--- Task material ---

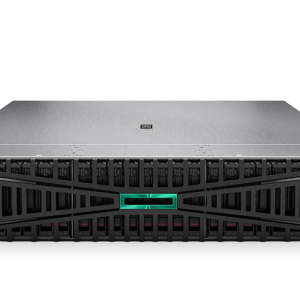Сервер HP ProLiant DL380 Gen11 / Hewlett Packard Enterprise P81785-425 / Сервер HP ProLiant DL380 Gen11/ DL380Gen11 5515+ (3.2GHz-30MB) 8-Core (2 max) / 2x32GB (DDR5-4800) RDIMM / MR416i-o (8Gb) / HP-SATA (8/24 SFF max) /2x480Gb SATA RI/ 2x10Gb BASE-T / 2x 1000W Titanium Hot Plug RPS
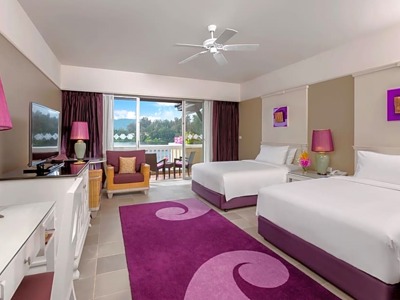 lodging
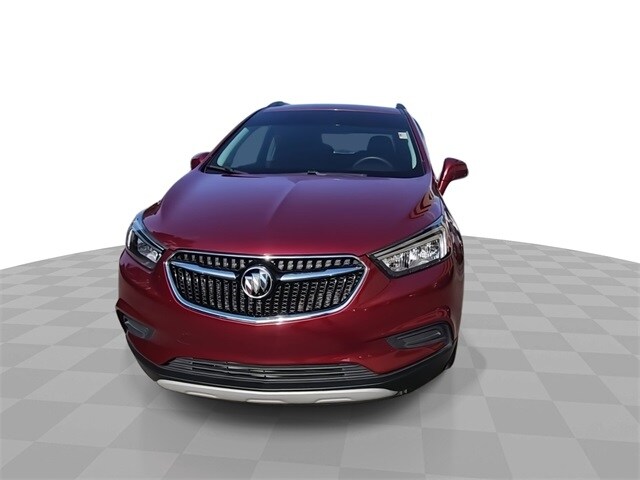 2022 Buick Encore Preferred photo 3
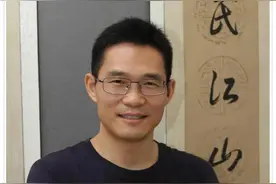 国粹艺术名家——萧逸图片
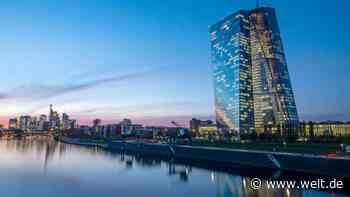 Seit der Finanzkrise spart der Staat Milliarden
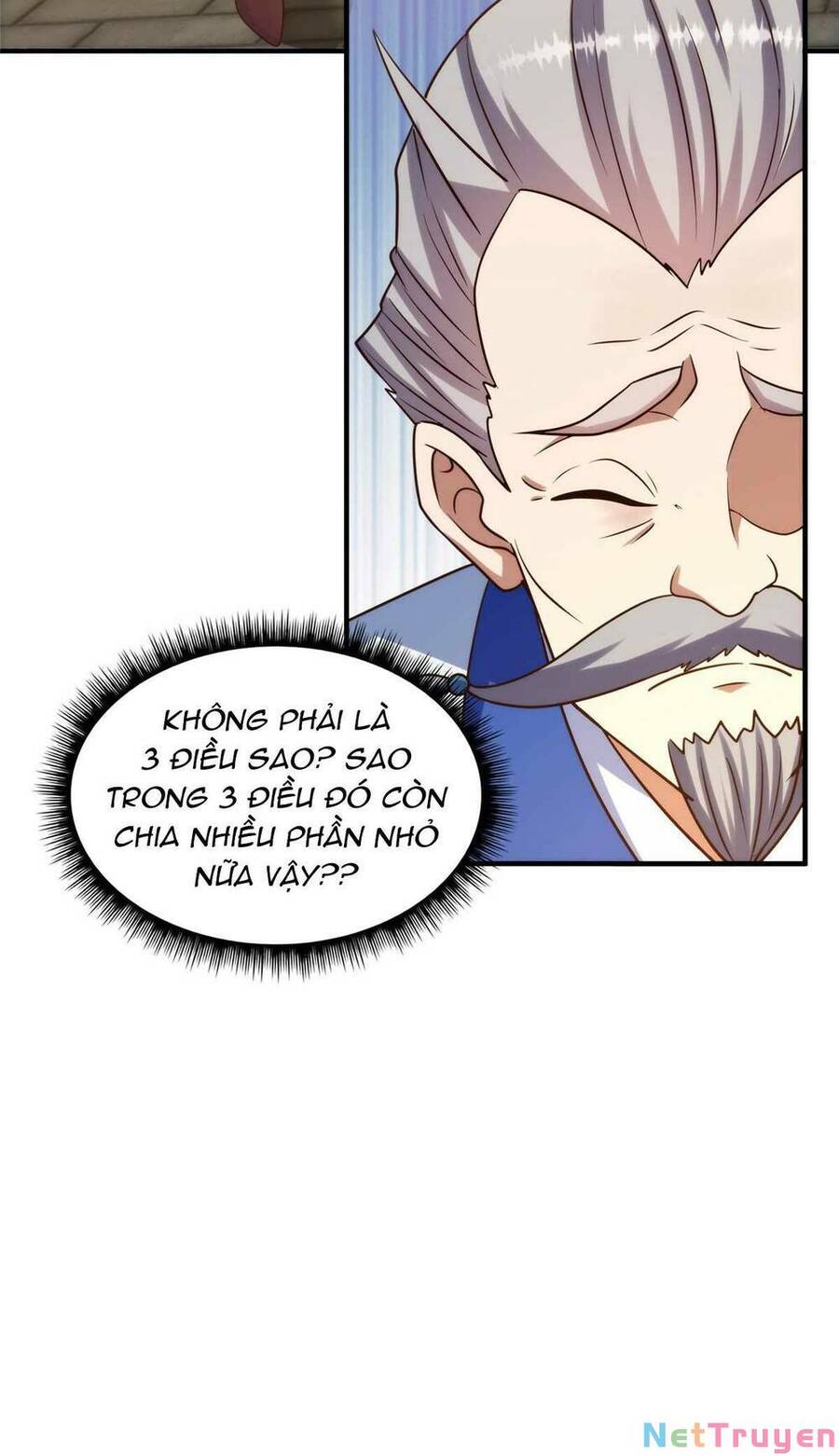 Chưởng Môn Khiêm Tốn Chút Chap 139 - Next Chap 140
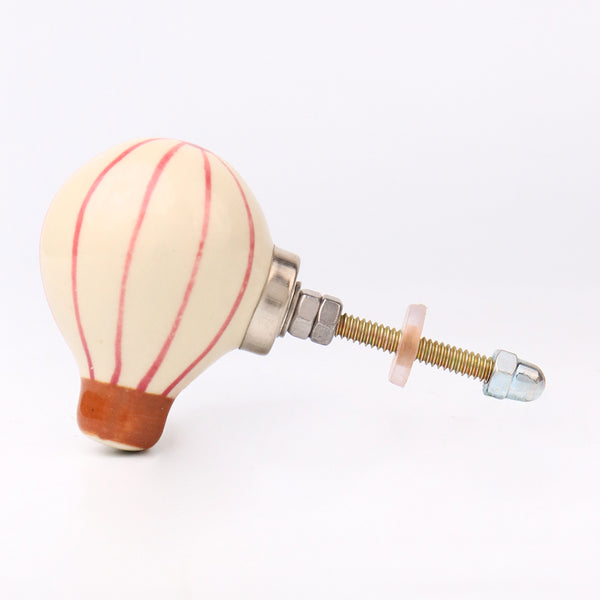 Balloon Drawer Knob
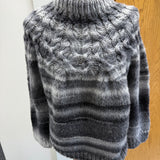 Sample: Donna Jenna Sweater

---

:: Exercise goal ::
For this exercise, the lines from the one containing "Seit der Finanzkrise" through the last line of the entries above are to be output exactly, both included, and pictures are skipped.

:: Written answer ::
 Seit der Finanzkrise spart der Staat Milliarden
 Chưởng Môn Khiêm Tốn Chút Chap 139 - Next Chap 140
 Balloon Drawer Knob
 Sample: Donna Jenna Sweater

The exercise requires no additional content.